Looks good so far, but clean up the displacer than take some close up pics. 
I assume his car was a 91 or 92 as have the later generation charger.
Also, I wouldn't polish the main shaft that much. You are going to have seal grooves, no way around it on a used mainshaft. But, it is more important that the main fits tight in the displacer and other bearings. Polishing too much can open the tolerance slightly.


----------



## vwhead5223 (Feb 20, 2006)

*Re: My first Project on the Tex. G60 supercharger rebuild. (sdezego)*

The charger was out of a 92. What is the difference? I wasn't going to sand it too much. I was going to use some krokus paper. What should I be looking for on the displacer?
Thanks


----------



## sdezego (Apr 23, 2004)

*Re: My first Project on the Tex. G60 supercharger rebuild. (vwhead5223)*

Main difference is the displacer itself that has added supports near the center. It is questionable whether the later gens are actually better, but most usually have less miles








- Look for wear on the displacer surfaces where the Apex strips seal against (case surfaces usually do not wear like the displacer). The lip will indicate how much wear.
- Look for the lead tip grooves for the Apex strips. Look for cracks, wear etc as this is where they usually spit the strip out.
- Look for hairline cracks along the displacer walls and any contact the the displacer may have made with the cases.

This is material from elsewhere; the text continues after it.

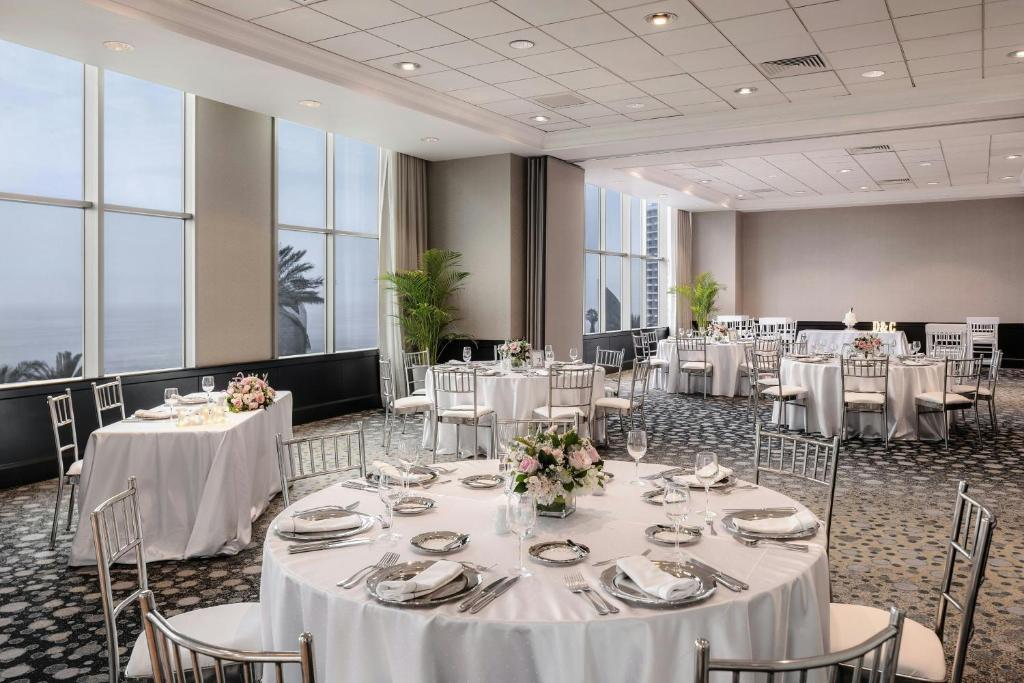 einen Bankettsaal mit weißen Tischen, Stühlen und Fenstern in der Unterkunft JW Marriott Hotel Lima in Lima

From here, it looks like you got a decent charger.


----------



## LO-vw (Sep 24, 2001)

*FV-QR*

Any way to repair hairline cracks along the displacer walls?


----------



## vwhead5223 (Feb 20, 2006)

*Re: FV-QR (LO-vw)*

From what I've been reading on here KK welds them. Not sure if they weld the cracks you are talking about but that is the only "repairing" I have read about so far. Other than rebuilding and replacing warn parts.


----------



## vwhead5223 (Feb 20, 2006)

*Re: My first Project on the Tex. G60 supercharger rebuild. (sdezego)*

Thanks sdezego!










_Modified by vwhead5223 at 6:38 PM 3-22-2010_


----------



## sdezego (Apr 23, 2004)

*Re: FV-QR (LO-vw)*


_Quote, originally posted by *LO-vw* »_Any way to repair hairline cracks along the displacer walls?

Not really on that one. Not welding anyway.
The tips can be welded, but the problem along the apex groove is that as you add heat, the super thin apex walls will start to melt into the pool and it is very hard to control that. And, even is you can weld, it is almost impossible w/o a lot of money to re-machine the apex groove.
I have a couple of displacers with varying degrees of dismay. When I get some time, I am going to get some proper rods and play around on the Tig. I have the welder to do it, just need to see what is and is not possible.


----------



## G60 Carat (May 14, 2004)

That is exactly what you want to find when you open up a G-Lader.
Nice Buy!


----------



## MrDave (Jul 26, 2002)

*Re: My first Project on the Tex. G60 supercharger rebuild. (sdezego)*










On my charger, 3 of 4 of these tips were gone.
Followed this route to fix:
http://forums.vwvortex.com/zerothread?id=4328813
I still have to replace the bearings and seals before I put it back together.

-Dave


_Quote, originally posted by *sdezego* »_ - Look for the lead tip grooves for the Apex strips. Look for cracks, wear etc as this is where they usually spit the strip out.


----------



## vwhead5223 (Feb 20, 2006)

I plan to take a closer look this weekend. I just haven't had the time latley.


----------



## GTI1-G60 (Oct 7, 2002)

*Re: (vwhead5223)*

Nice chager to rebuild. From youre photo's nothing wrong.
Mayby the mainshaft has some wear from the seals. 
But now you have to get to the most difficult task, getting the right rebuild goodies.
In Europe only 1 source can be used without problems. http://www.slstuning.de/eng/


----------



## RedYellowWhite (Apr 21, 2008)

*Re: (GTI1-G60)*


_Quote, originally posted by *GTI1-G60* »_In Europe only 1 source can be used without problems. http://www.slstuning.de/eng/


Not really one source...There's also this:
http://www.bar-tek-tuning.de/


----------



## GTI1-G60 (Oct 7, 2002)

*Re: (RedYellowWhite)*

I don't have any experiance with there materials. But have no intentions to switch from supplier. 
I use the SLS parts about 8 years. The are the company to deliver the displacer special kits to last with 60mm wheels.


----------



## RedYellowWhite (Apr 21, 2008)

*Re: (GTI1-G60)*

Mario (from Bartek) and SLS Tuning are probably the two best companies in Europe that specialize in G60 products/service








We have experience/bought two rebuilt kits from Bartek (mine and a friends) and the quality of his products is 10/10 http://****************.com/smile/emthup.gif 
We also tried a well-known g-lader rebuilter from the UK (no need to mention names, lol







) and after less than 1000 km the g-lader was in very bad condition inside...


----------



## G60 Carat (May 14, 2004)

And also
http://www.roettele-racing.de/
They kick the crap out of their cars, and they make real power. Real world results speak volumes! Plus who else anywhere in the world is developing an aftermarket replacement displacer? BBM was, but has dropped the project.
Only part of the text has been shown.